RECORDS SHOWN -
○ ○ ○ ○ ○ ○ ○

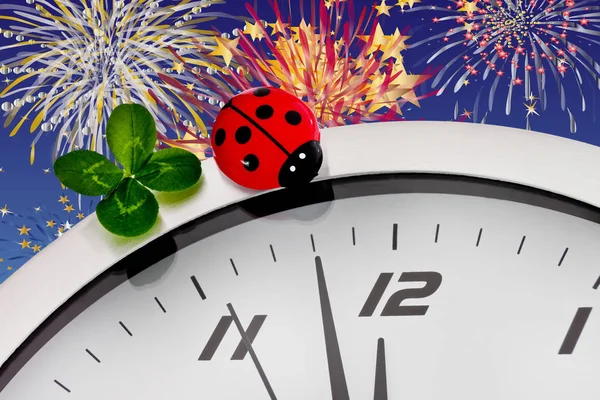 New Year's Eve concept with clock fireworks and lucky symbols — Stock Photo, Image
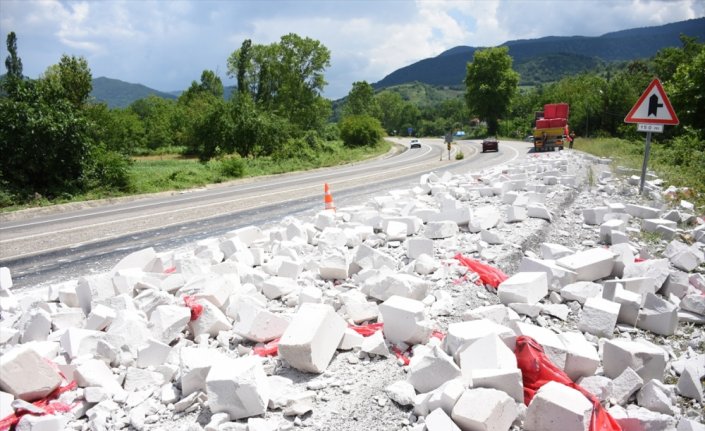 Bartın'da tırın dorsesinden yola dökülen gaz beton malzemesi ulaşımı aksattı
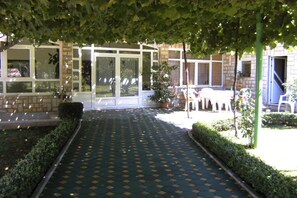 Terrace/patio - Elez Serenity Guesthouse - Twin room 1 (Medugorje)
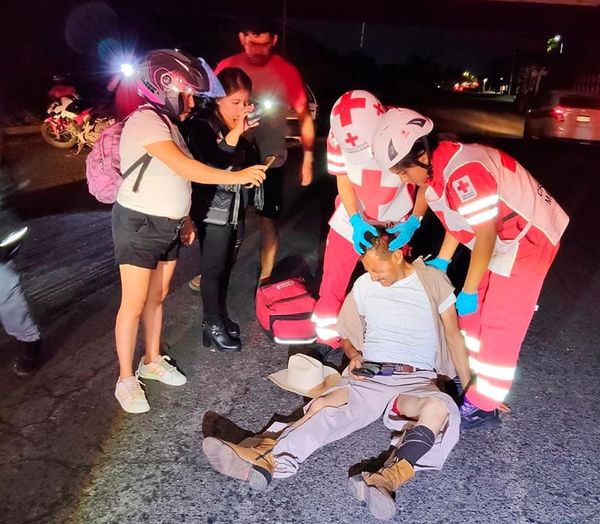 ¡DERRAPA EN SU MOTO Y TERMINA CON UN CHICHÓN EN LA CABEZA!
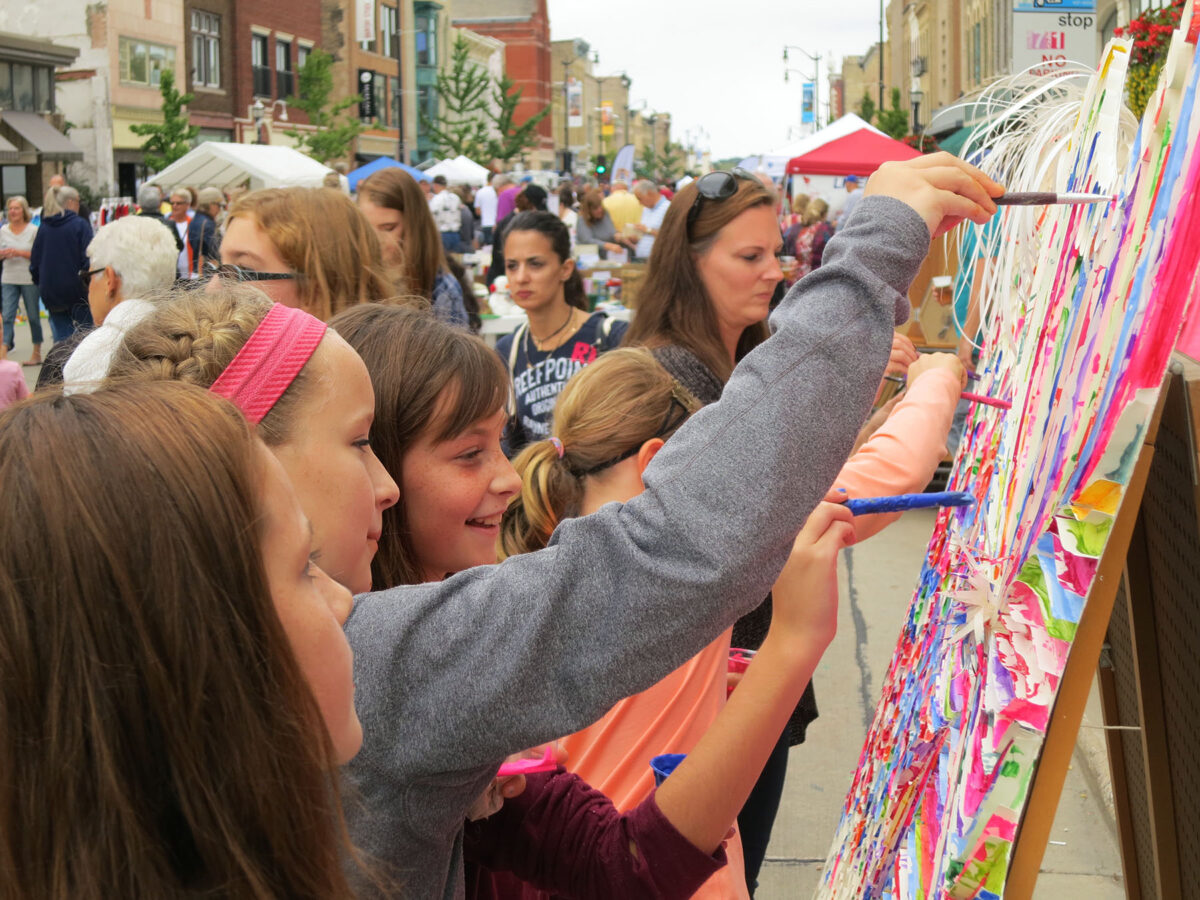 Party on the Pavement 2022 in Downtown Racine Racine Art Museum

○ ○ ○ ○ ○ ○ ○

TASK ITEM - Across the whole listing above, repeat each line exactly and leave out the images.

OUTPUT FOR THIS EXERCISE -
 New Year's Eve concept with clock fireworks and lucky symbols — Stock Photo, Image
 Bartın'da tırın dorsesinden yola dökülen gaz beton malzemesi ulaşımı aksattı
 Terrace/patio - Elez Serenity Guesthouse - Twin room 1 (Medugorje)
 ¡DERRAPA EN SU MOTO Y TERMINA CON UN CHICHÓN EN LA CABEZA!
 Party on the Pavement 2022 in Downtown Racine Racine Art Museum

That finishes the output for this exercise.